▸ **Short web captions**
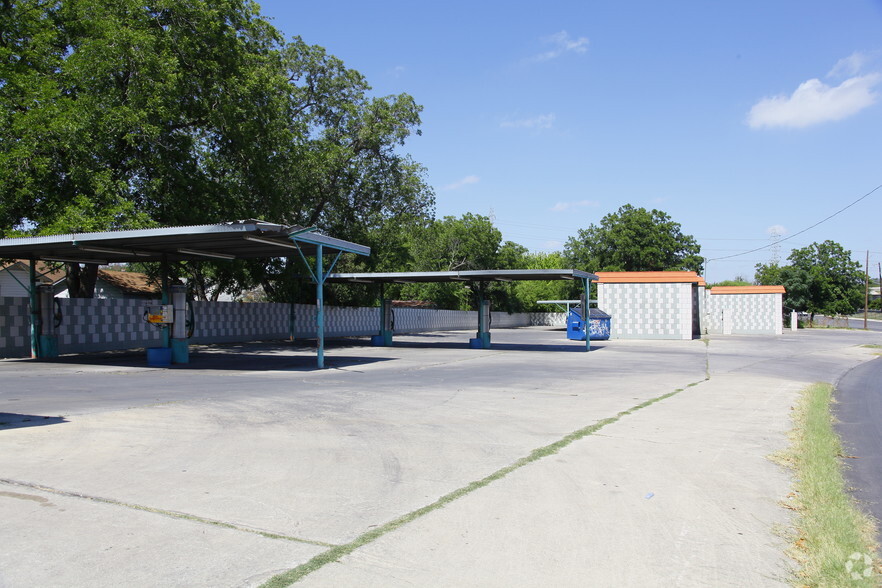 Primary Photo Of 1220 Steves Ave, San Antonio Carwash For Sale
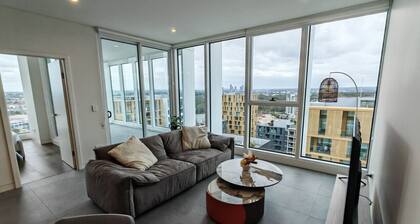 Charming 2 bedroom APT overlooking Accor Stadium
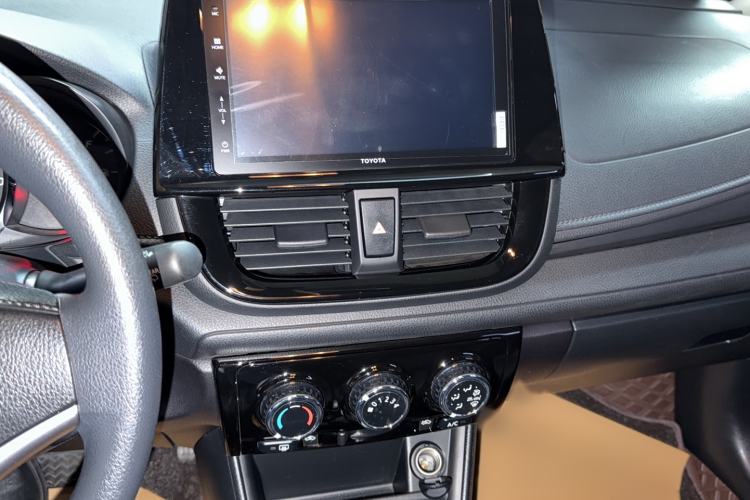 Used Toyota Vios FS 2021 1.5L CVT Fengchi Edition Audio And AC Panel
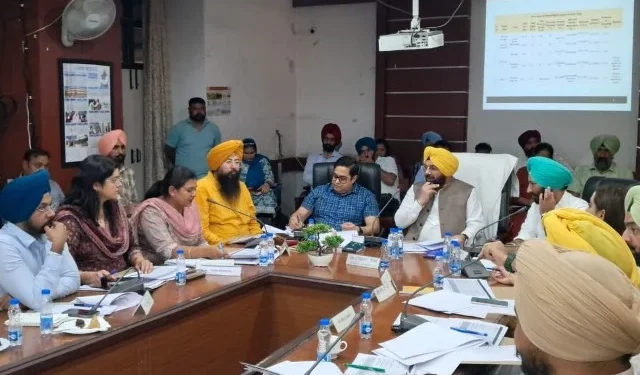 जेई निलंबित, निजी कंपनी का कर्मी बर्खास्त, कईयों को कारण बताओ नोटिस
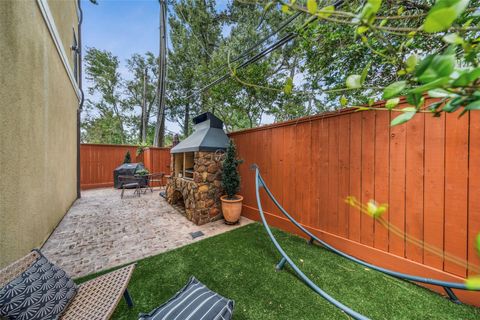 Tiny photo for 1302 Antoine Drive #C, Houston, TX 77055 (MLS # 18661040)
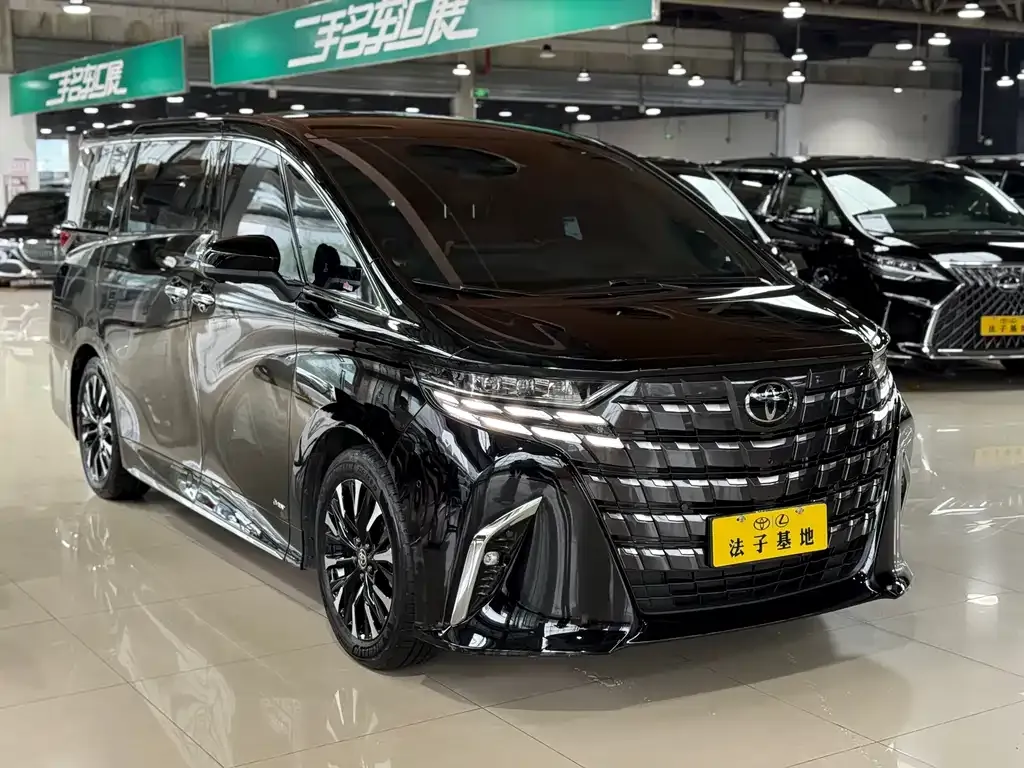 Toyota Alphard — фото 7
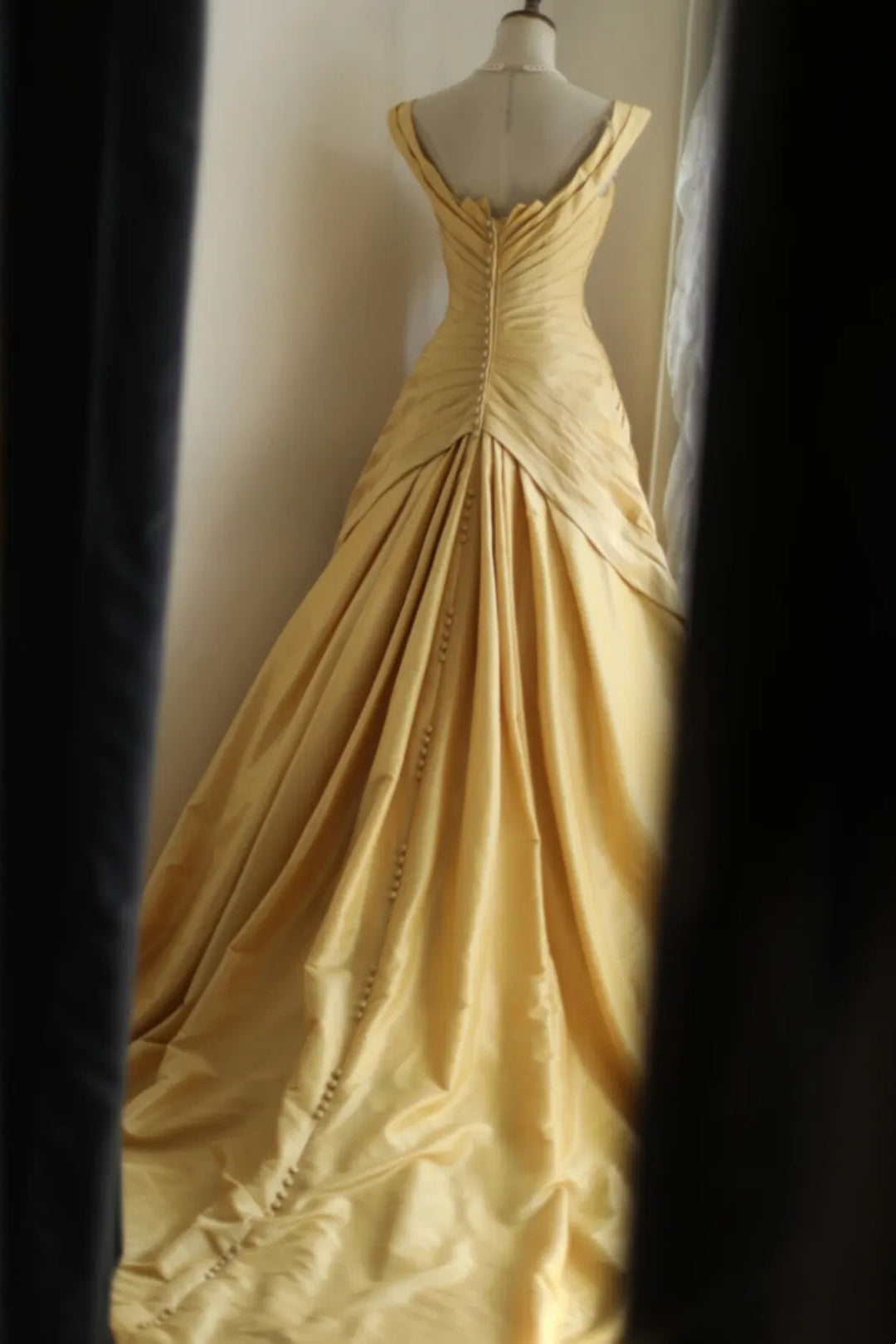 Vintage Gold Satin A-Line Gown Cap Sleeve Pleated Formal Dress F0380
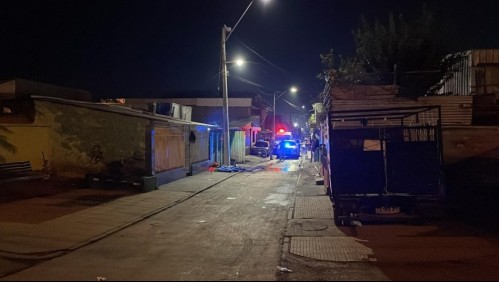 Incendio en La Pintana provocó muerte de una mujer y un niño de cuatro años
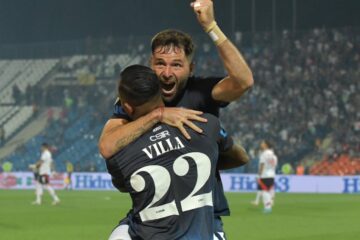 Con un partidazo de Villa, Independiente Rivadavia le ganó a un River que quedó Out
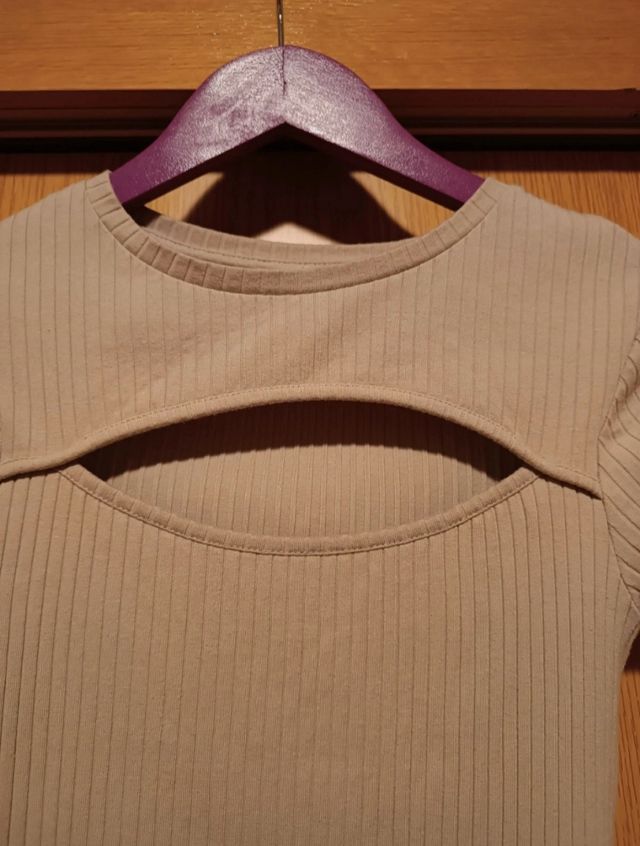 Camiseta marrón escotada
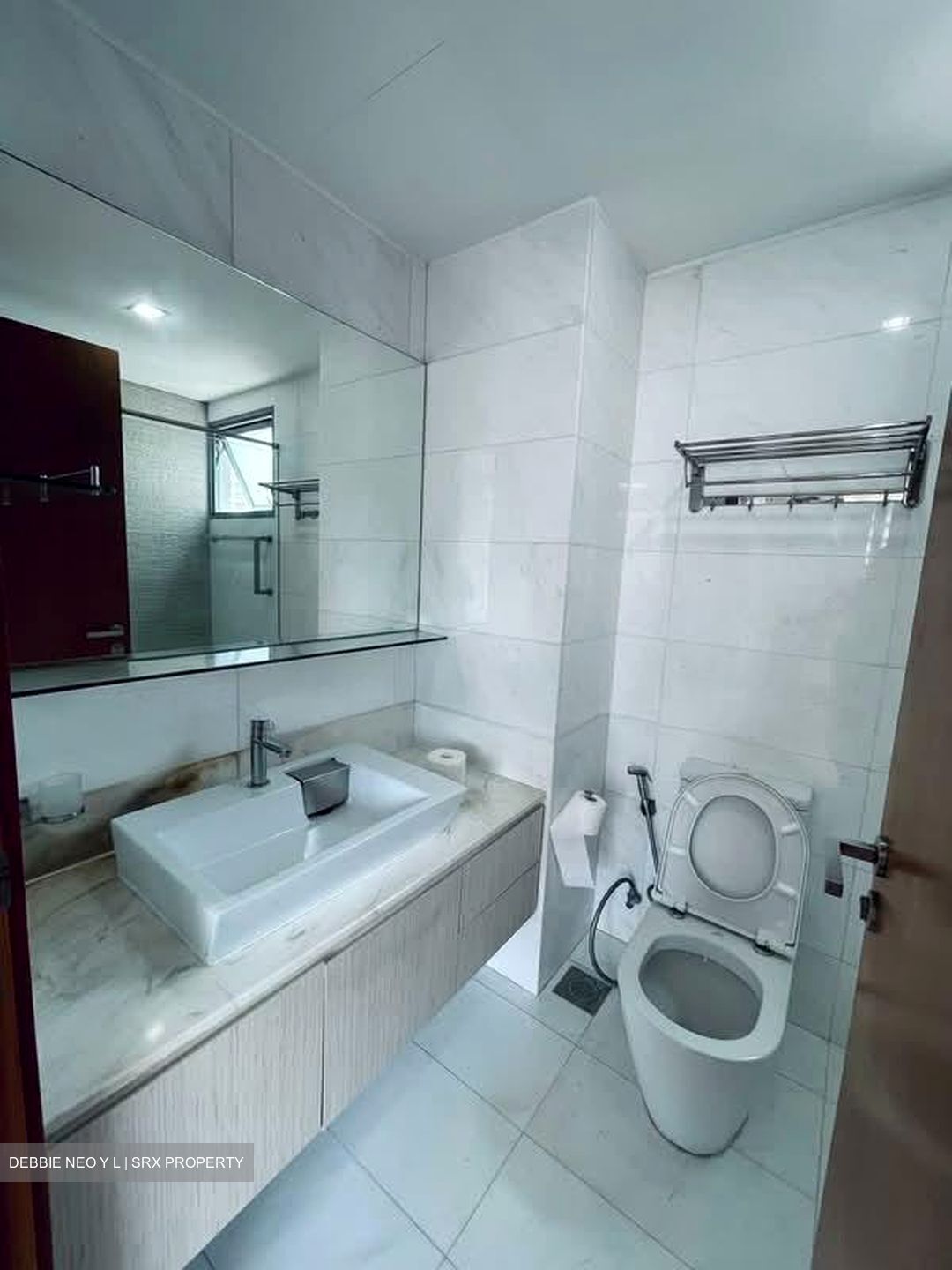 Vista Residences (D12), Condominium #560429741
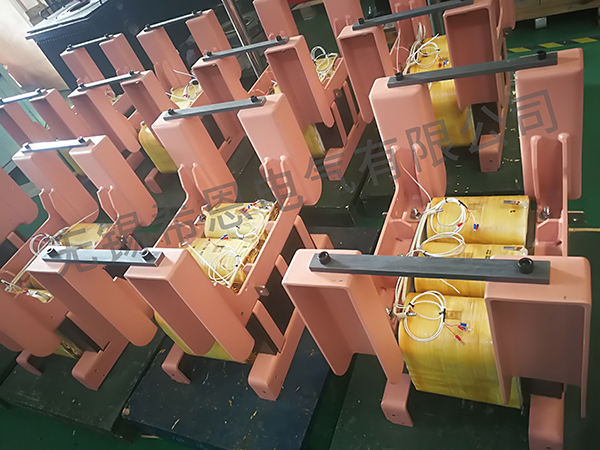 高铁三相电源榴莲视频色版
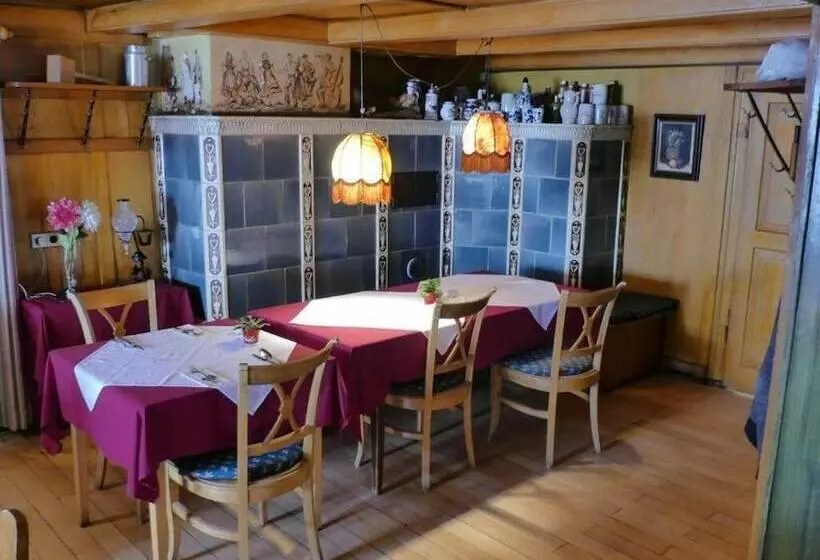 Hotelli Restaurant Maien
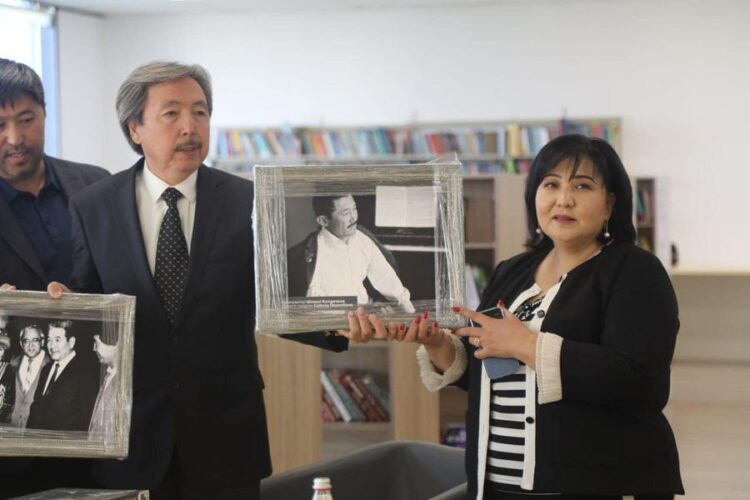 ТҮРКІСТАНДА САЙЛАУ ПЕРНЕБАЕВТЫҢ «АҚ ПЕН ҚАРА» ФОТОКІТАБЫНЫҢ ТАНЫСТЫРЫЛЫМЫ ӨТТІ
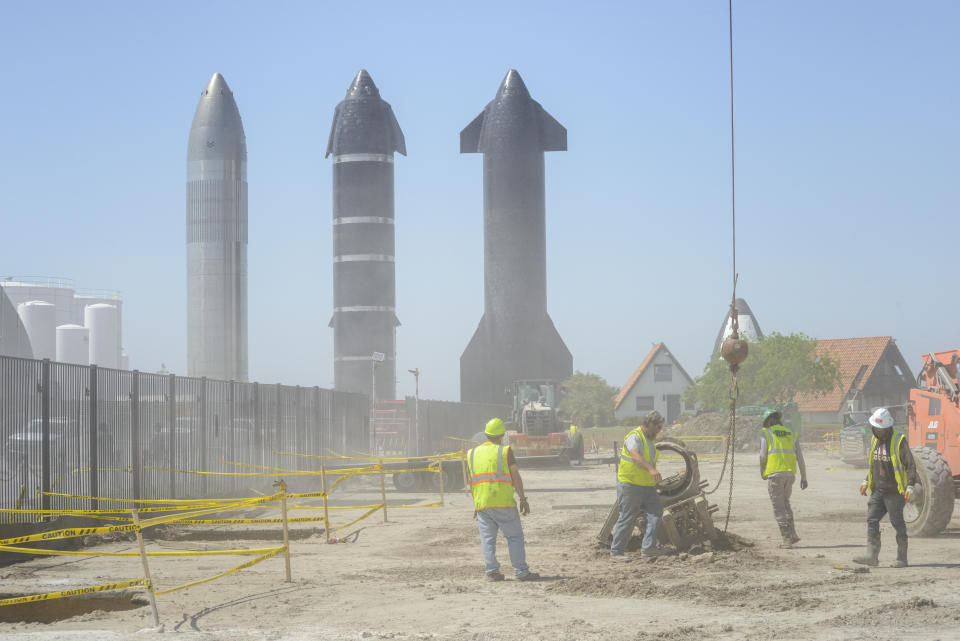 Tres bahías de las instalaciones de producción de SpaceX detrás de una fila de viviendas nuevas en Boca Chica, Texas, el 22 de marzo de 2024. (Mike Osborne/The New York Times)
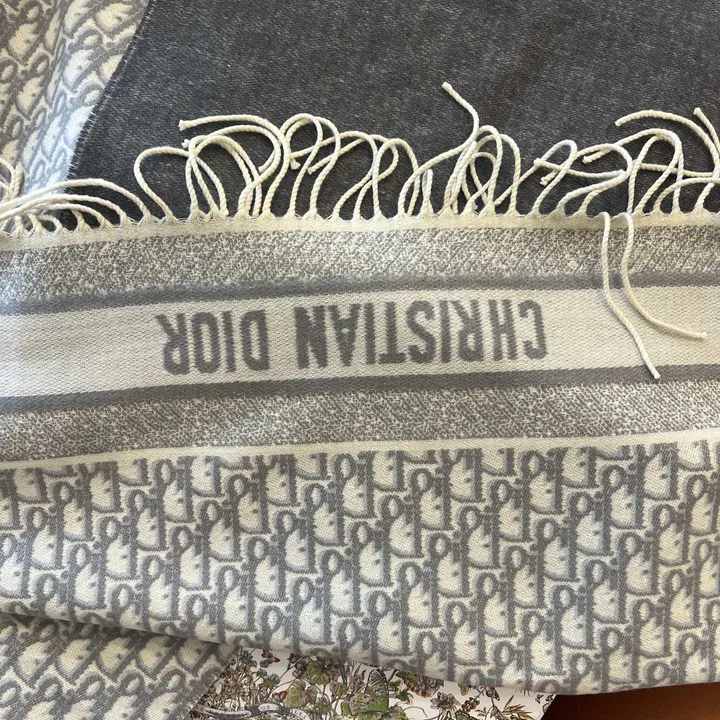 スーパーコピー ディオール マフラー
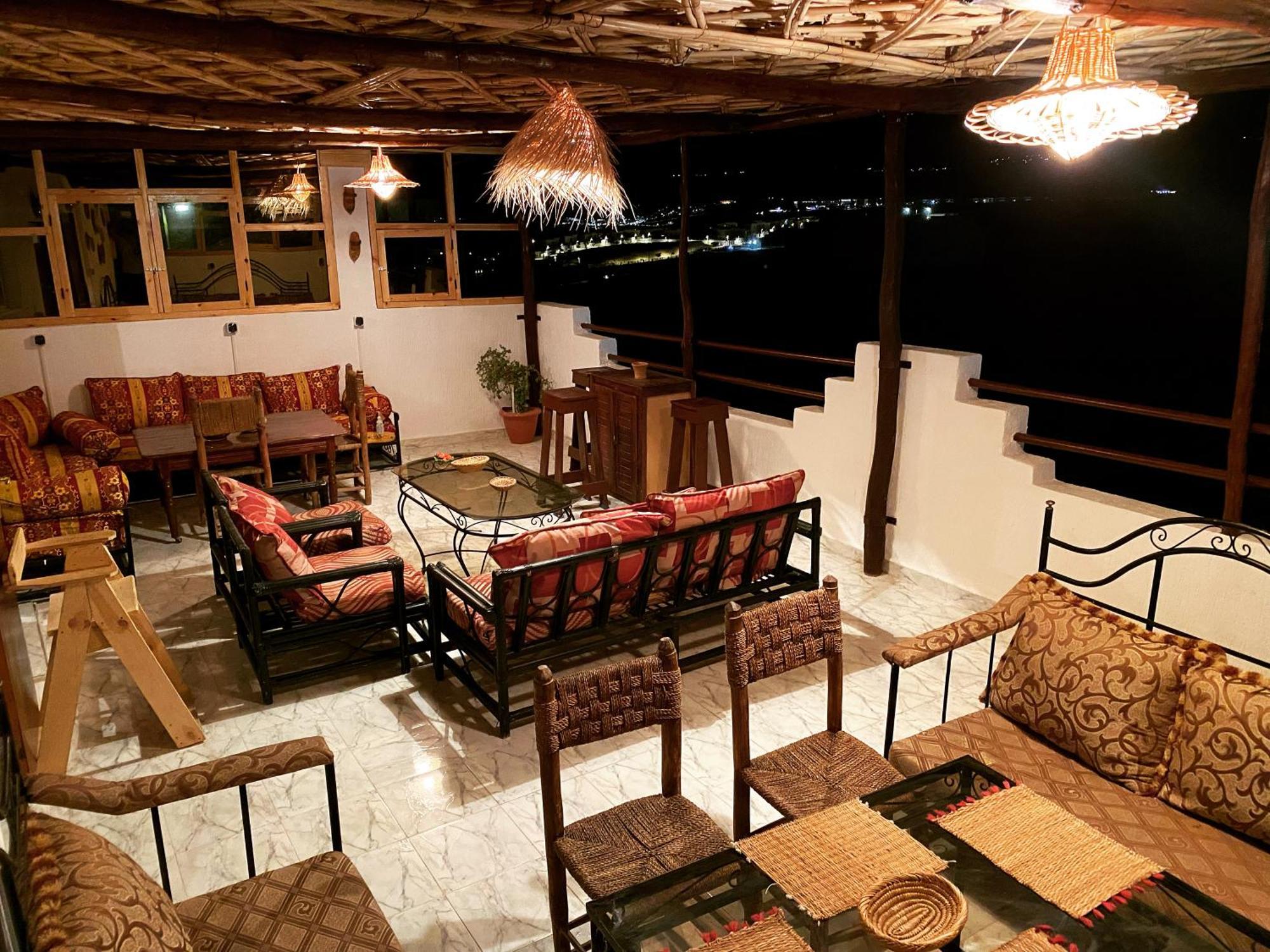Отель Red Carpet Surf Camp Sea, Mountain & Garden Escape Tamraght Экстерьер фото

▸ **What is expected**
Your output is the lines from the top of the entries through the line containing "Vintage Gold Satin", exactly as they stand. No pictures belong in it.

▸ **Answer section**
 Primary Photo Of 1220 Steves Ave, San Antonio Carwash For Sale
 Charming 2 bedroom APT overlooking Accor Stadium
 Used Toyota Vios FS 2021 1.5L CVT Fengchi Edition Audio And AC Panel
 जेई निलंबित, निजी कंपनी का कर्मी बर्खास्त, कईयों को कारण बताओ नोटिस
 Tiny photo for 1302 Antoine Drive #C, Houston, TX 77055 (MLS # 18661040)
 Toyota Alphard — фото 7
 Vintage Gold Satin A-Line Gown Cap Sleeve Pleated Formal Dress F0380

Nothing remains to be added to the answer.